The working hypothesis of the dilute cell suspension and the cell geometry are dictated primarily by the necessity to evaluate the performances of the procedure using a simple, well known, and widely accepted theoretical framework.

It is possible to extend the procedure for higher-volume fractions including in the first step the study of cellular aggregate. The definition of geometries other than those presented here does not constitute a problem, since the first step transforms it in the equivalent sphere and then it remains transparent for the following steps.

The hierarchical structure of the procedure allows the working pipeline to be modified in order to adapt it to the actual case. For example, the inclusion of cell organelles in the model is possible, and a new step is carried out before the first for the homogenization of this structure.

The simulation of a cellular culture composed by different cell types is possible; the first step can be performed for every cell type in order to associate them with the proper equivalent sphere and then one can perform the homogenization of the whole culture considering the corresponding CVF of every cell type.

The introduction of a particular measurement probe in the procedure allows testing its accuracy and sensitivity in order to enable an evaluation of its adequacy. Once the calibration of the probe is done, i.e., the shape parameter d is determined, verifying the capability of the system to correctly measure the permittivity of the cell culture and then its CVF is possible.

Despite the potentialities, the capability of the proposed procedure to correctly describe a cell culture is limited by the knowledge about the cell culture itself. In particular, it is fundamental to describe the cell geometry accurately. The properties of the suspension medium are easily measurable by direct measurement; the properties of the membrane and of the core requires that such materials are isolated for the measurement.

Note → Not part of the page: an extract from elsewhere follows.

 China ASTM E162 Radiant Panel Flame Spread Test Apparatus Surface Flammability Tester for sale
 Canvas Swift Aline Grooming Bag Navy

For higher CVF values, its estimation obtained from (6) could be not accurate. Then, using the proposed procedure for the creation of a lookup table that covers the range of CVF not supported by the model is possible.

Conclusions

The in silico validation procedure for CVF estimation techniques based on dielectric spectroscopy seems to be a good tool to overcoming the actual technical limitations of dielectric spectroscopy used in CVF estimation. This is possible thanks to the accuracy demonstrated by the procedure in the description of the phenomenon, as reported in the discussion, taking full advantage of this particular measurement technique.

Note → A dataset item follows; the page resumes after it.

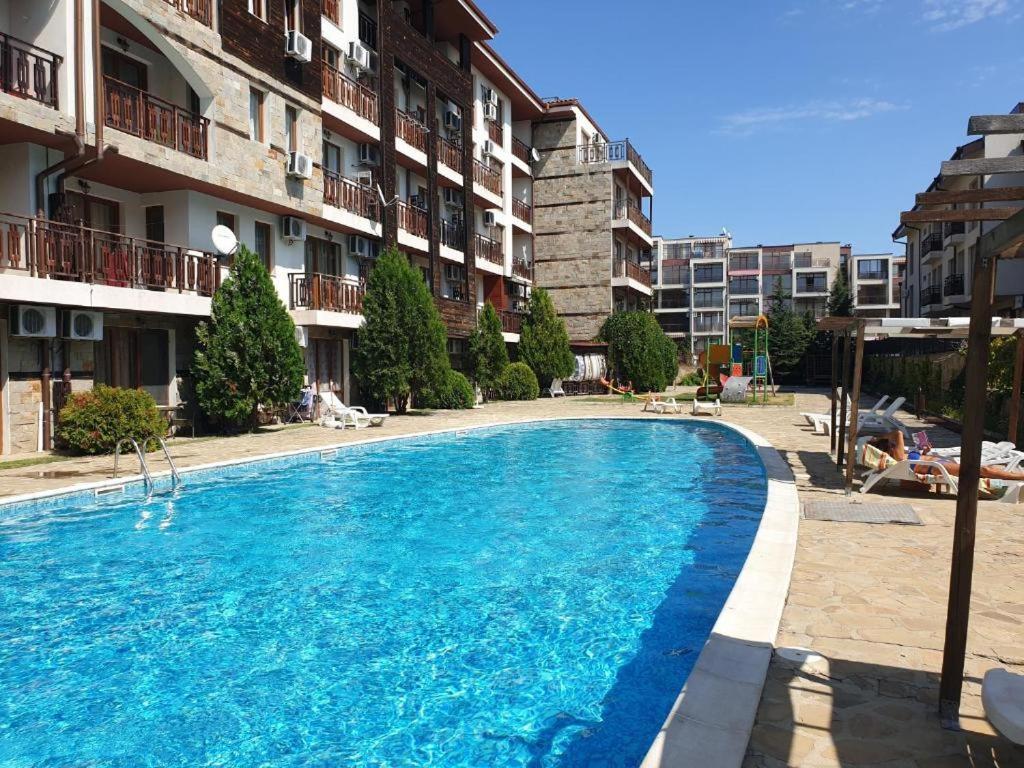 Apartamento Mitprot Panorama Bay 2 Ap 30 Sveti Vlas Exterior foto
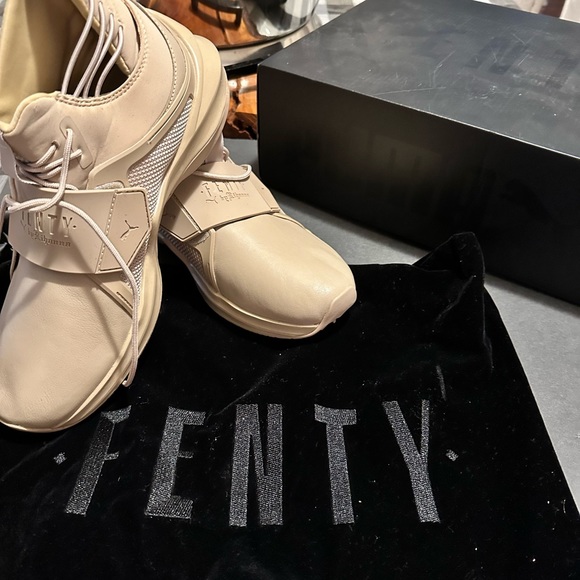 Fenty trainer Hi by fenty - Picture 3 of 4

Despite the actual limitations, the results presented here encourage us to further develop the theory behind the dielectric behavior of cell culture in order to avoid the actual limitations of the proposed procedure.

Future works shall be centered on suspensions with cells with anisotropic dielectric behavior or in general with a certain variability of dimensions or dielectric properties of the core; moreover, it is of interest to try to estimate the electric properties of the core from the dielectric spectroscopy of the whole culture.